The Amendment to the Constitution of the People's Republic of China was proposed by the 16th Central Committee of the Chinese Communist Party and adopted at the second session of the 10th National People's Congress on 14 March 2004.

The amendments incorporated Three Represents to the constitution and included guarantees regarding private property.

== History ==
On 27 March 2003, National People's Congress Standing Committee Chairman Wu Bangguo was appointed as the head of a taskforce to draft amendments to the constitution. From January 18 to 19, 2004, the second plenary session of the 19th CCP Central Committee was held and adopted the “Proposal of the Central Committee of the Chinese Communist Party on Amending Part of the Constitution". It was the first amendment to the constitution to have been endorsed by the Central Committee, in addition to approval by the Politburo.

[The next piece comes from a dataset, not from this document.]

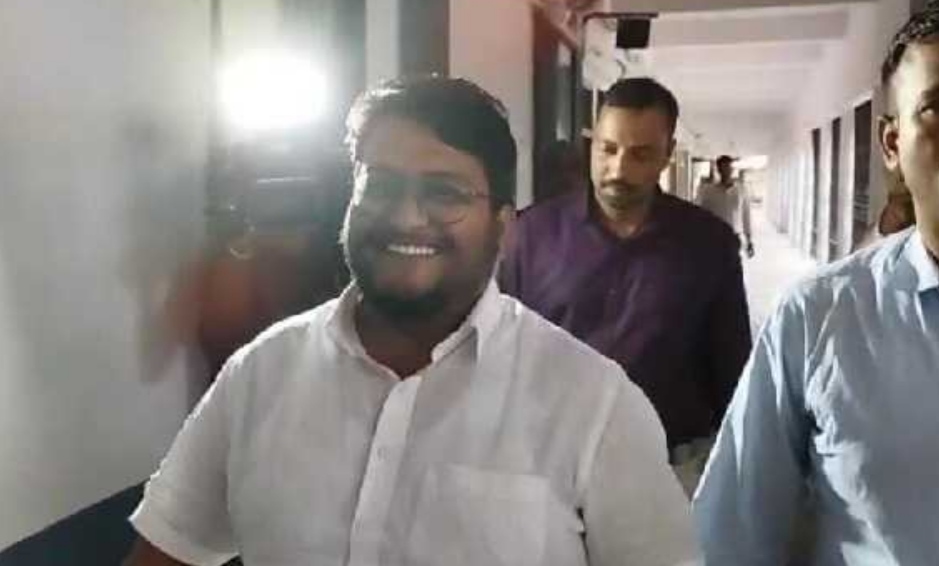 आरोपित की तस्वीर आरोपित की तस्वीर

On January 26, the CCP Central Committee submitted the proposal to the Standing Committee of the National People's Congress. On 14 March 2004, the second session of the 10th National People's Congress passed the Constitutional Amendment with 2,863 votes in favor, 10 votes against, and 17 abstentions.

== Amendments ==
The amendment contains 14 articles. It incorporated the Three Represents into the Constitution. Martial law was renamed to the state of emergency and the amendments authorized the President to declare a state of emergency based on the decision of the National People's Congress. In addition, the March of the Volunteers was given constitutional status as the national anthem of China. The amendments included guarantees regarding private property ("legally obtained private property of the citizens shall not be violated") and human rights ("the State respects and protects human rights").The government argued that this represented progress for Chinese democracy and was a sign from the CCP that they recognized the need to adapt to the booming Chinese economy, which had created a growing middle class who wanted private property protections. It also authorized the government to "expropriate", in addition to "requisitioning", private property in the public interest, if it "makes compensation according to law".

Chinese leader Hu Jintao said that "These amendments of the Chinese constitution are of great importance to the development of China [...] We will make serious efforts to carry them out in practice."